Saya mulai menyadari peran Pak X saat itu. Ia bertugas sebagai pemotong dan pengarah pembicaraan. Sangat kentara dari perulangan pertanyaan yang ia ajukan.
Sedangkan Pak Y berperan sebagai orang yang memengaruhi dan meyakinkan saya. Saya menyimpulkannya dari permintaannya yang berulang kali agar saya menjelaskan maksud pertanyaan Pak X. Â Berbinar mata ia terus berusaha menatap saya, "Money", ujarnya, mengganti istilah dana.
"Untuk per dua puluh orang petani, CSR yang dibagikan  sebesar lima puluh juta rupiah PakCik." Demikian ia menyakinkan saya.

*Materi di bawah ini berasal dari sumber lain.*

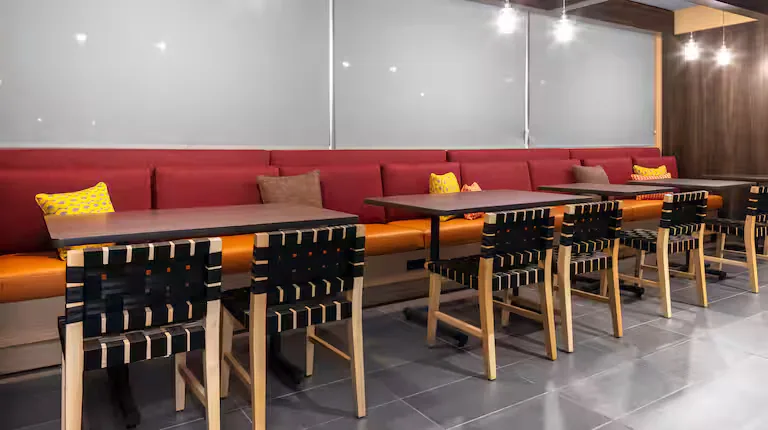 Communal banquette seating. Tru by Hilton, Lynchburg, VA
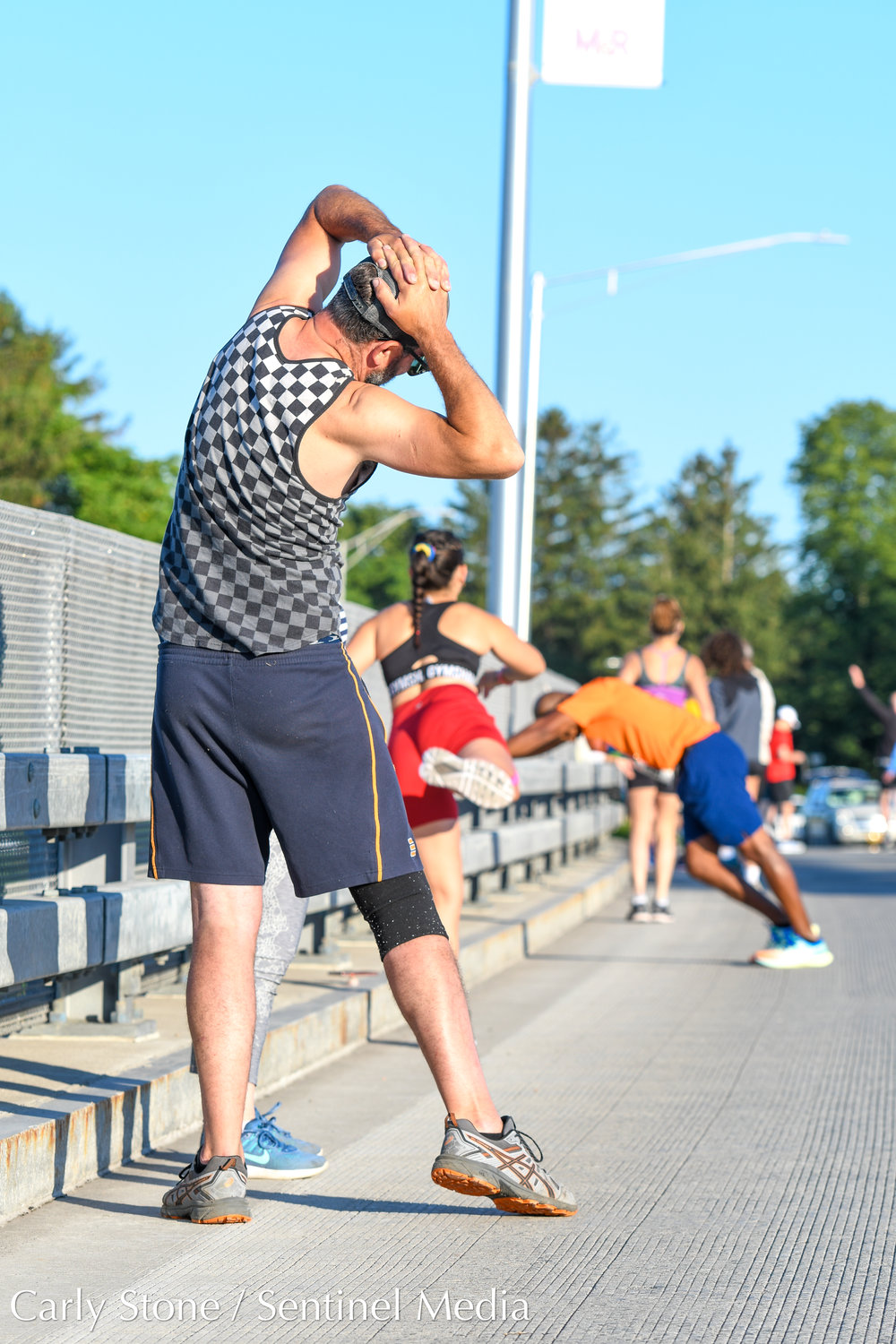 Jon Taylor, from Poland, New York, stretches on Burrstone Road bridge before running in the 2022 Boilermaker 5K in Utica.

Keganjilan tambah tersurat ketika Pak Y menunjukkan kartu ATM biru dari salah satu bank nasional. Bahkan ia menyebutkan nominal money CSR yang sudah tersimpan di kartu ATM tersebut. Nilai yang sangat besar untuk ukuran seorang pengajar seperti saya. Padahal kami kan baru bertemu kurang dari tiga puluh menitan di tengah pertigaan jalan pula!
Keganjilan akhirnya sempurna ketika Pak Y menanyakan apakah saya punya kartu ATM yang sama dengannya atau tidak.
Sadar ada yang tidak beres, saya 'kekeuh' berkehendak menuju ke GASIBU tanpa basa-basi lagi. Setelah pamit, saya meninggalkan mereka berdua begitu saja.